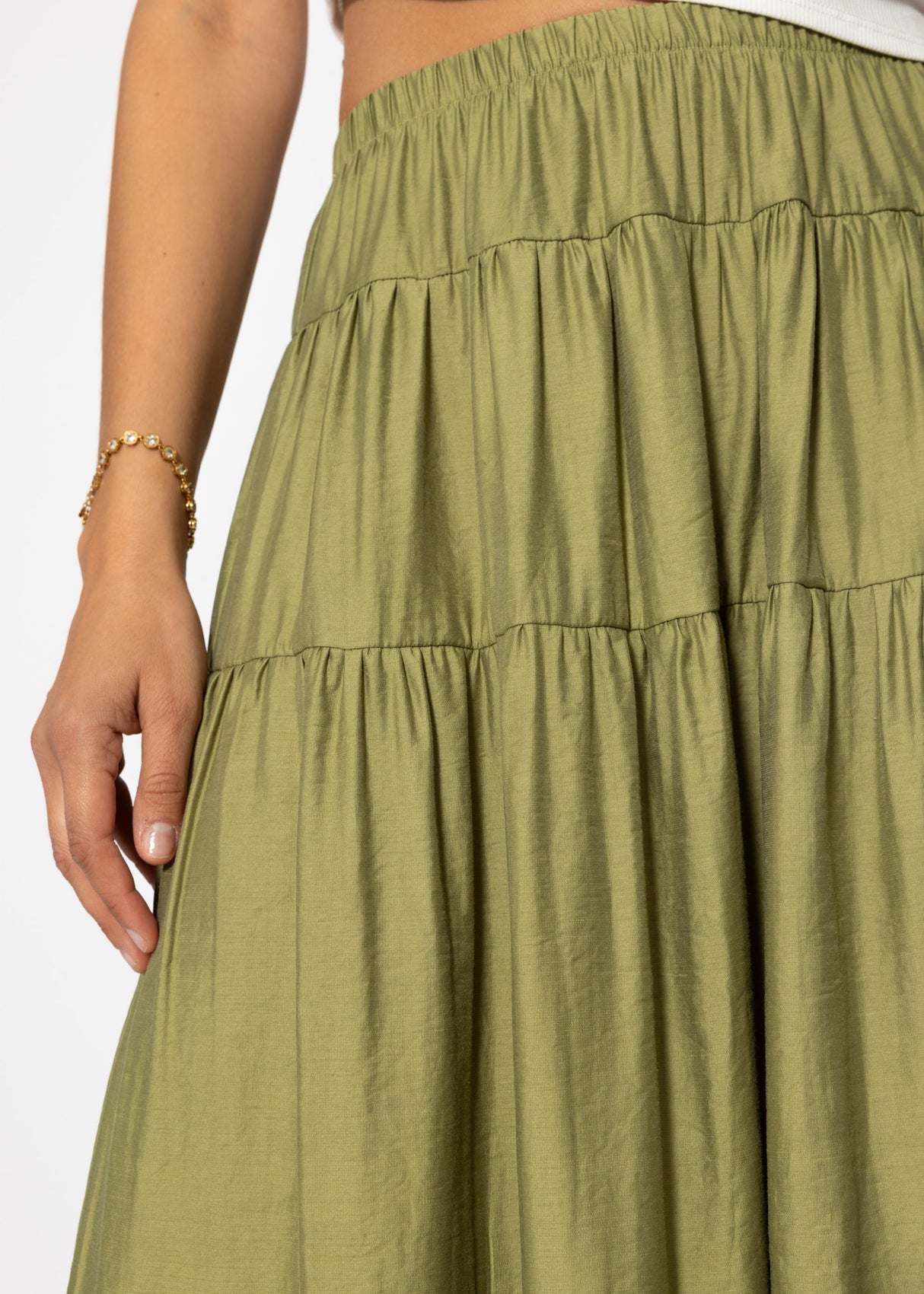 Shiny Maxi Volantkrock - Khaki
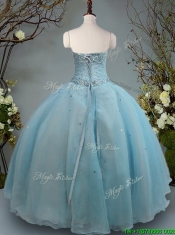 2017 Discount Big Puffy Aquamarine Strapless Quinceanera Gown with Beading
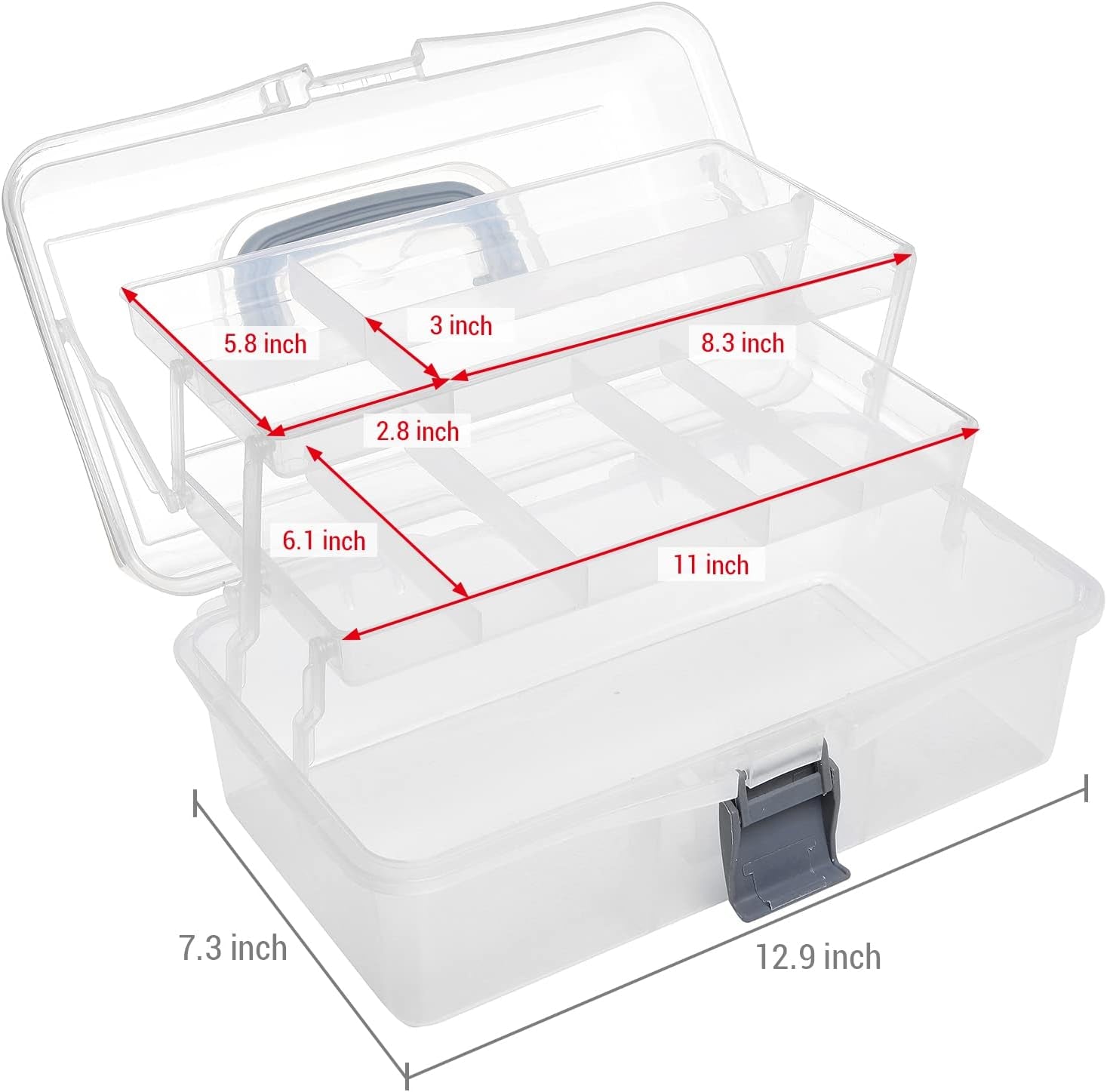 13 Inch Transparent Plastic Empty Multipurpose Storage Box with Gray Handle, Latching Lid and 2 Expandable Trays for Tools, First Aid, Sewing Kit, Arts Crafts Supplies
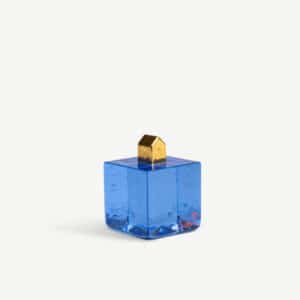 Kosta Boda - Fortress - Cube blå/guld BV AC-23 Designer Bertil Vallien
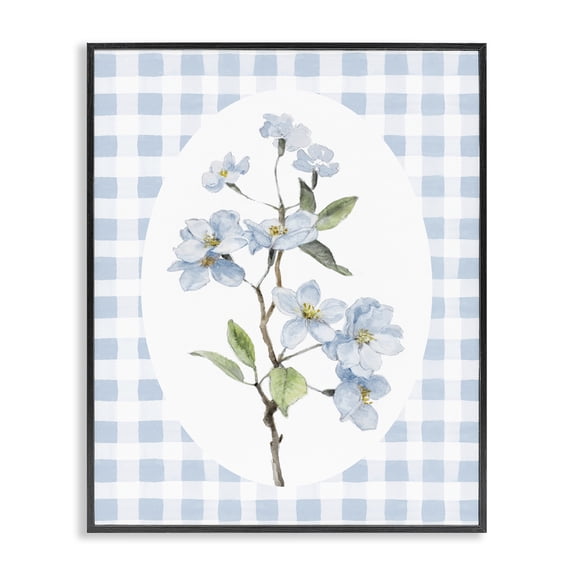 Stupell Industries Blooms on Blue Checkers Black Framed Giclee Art, design by Lanie Loreth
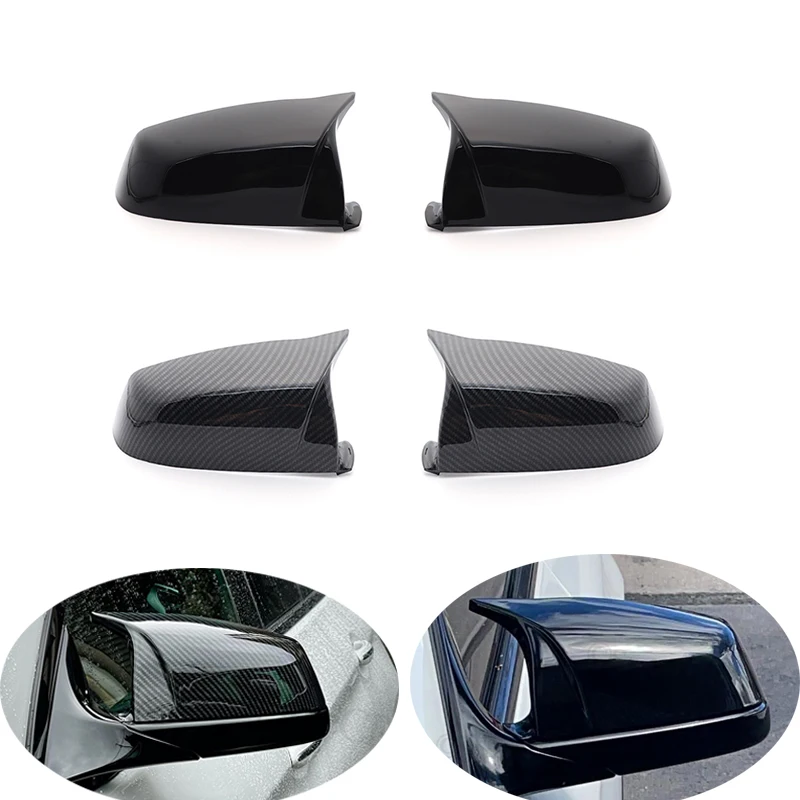 Side Wing Rearview Mirror Cover Cap For BMW 5 6 7 Series E60 E61 E63 E64 F01 F02-F04 F06 F07 F10 F11 F12 F13 Carbon Fiber Black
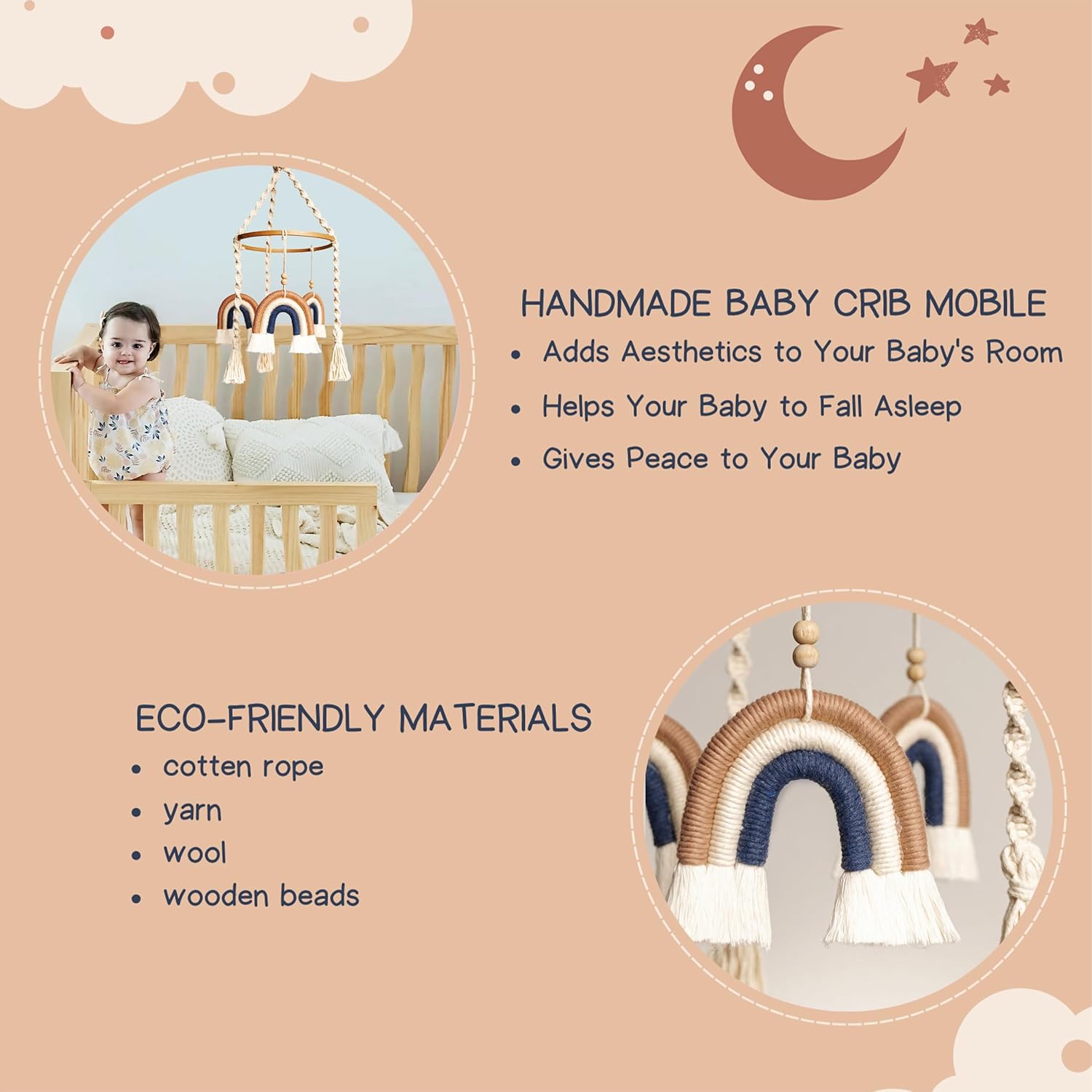 Móvil para cuna, móvil de bebé arcoíris, móvil hecho a mano para cuna, móvil de macramé para cuna, móvil de cuna bohemio, móvil de cuna natural para
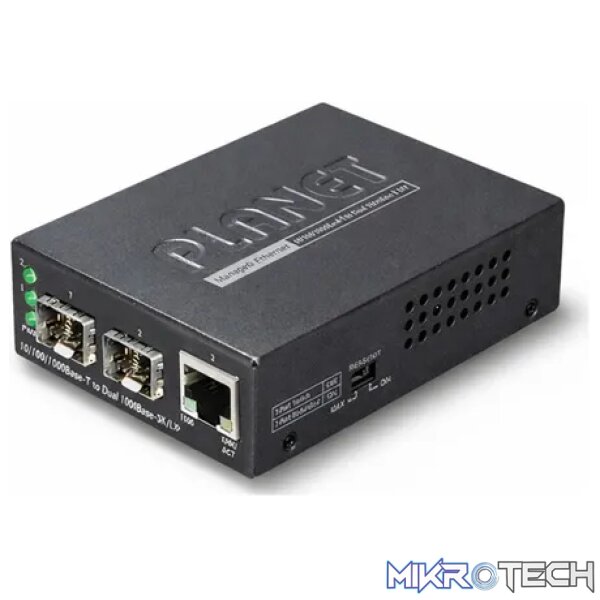 Planet 10/100/1000Base-T to Dual 1000Base-X SFP Media Converter - Networking - Image 2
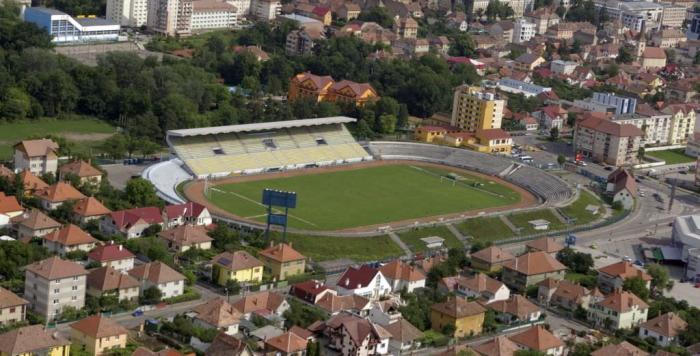 Sibiu Municipal Stadium  building/structure currently being  renovated/restored/reconstructed, football / soccer stadium, stadium stand,  1980s construction, 1920s construction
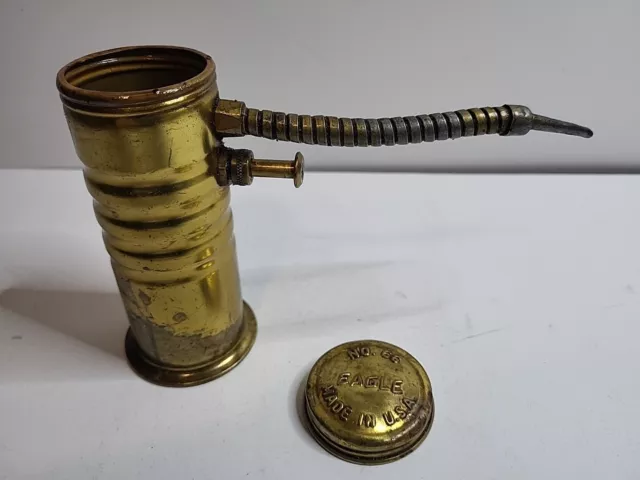 Vintage  EAGLE No. 66 Brass Finger Pump Oiler Oil Can FLEXIBLE SPOUT USA Working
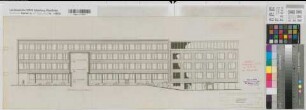 Münster (Münster) Behördenhaus Alter Steinweg 2. Vorentwurf Rückansicht - Südwesten 1956 1 : 200 29 x 82 Pause Staatsneubauleitung Münster Regierung Münster Nr. 34081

******

-- Problem details --
Give back the lines word for word, from the very first in the material above to the one that has "SPOUT USA Working", both included, without the pictures.

-- Result for this exercise --
 Shiny Maxi Volantkrock - Khaki
 2017 Discount Big Puffy Aquamarine Strapless Quinceanera Gown with Beading
 13 Inch Transparent Plastic Empty Multipurpose Storage Box with Gray Handle, Latching Lid and 2 Expandable Trays for Tools, First Aid, Sewing Kit, Arts Crafts Supplies
 Kosta Boda - Fortress - Cube blå/guld BV AC-23 Designer Bertil Vallien
 Stupell Industries Blooms on Blue Checkers Black Framed Giclee Art, design by Lanie Loreth
 Side Wing Rearview Mirror Cover Cap For BMW 5 6 7 Series E60 E61 E63 E64 F01 F02-F04 F06 F07 F10 F11 F12 F13 Carbon Fiber Black
 Móvil para cuna, móvil de bebé arcoíris, móvil hecho a mano para cuna, móvil de macramé para cuna, móvil de cuna bohemio, móvil de cuna natural para
 Planet 10/100/1000Base-T to Dual 1000Base-X SFP Media Converter - Networking - Image 2
 Sibiu Municipal Stadium  building/structure currently being  renovated/restored/reconstructed, football / soccer stadium, stadium stand,  1980s construction, 1920s construction
 Vintage  EAGLE No. 66 Brass Finger Pump Oiler Oil Can FLEXIBLE SPOUT USA Working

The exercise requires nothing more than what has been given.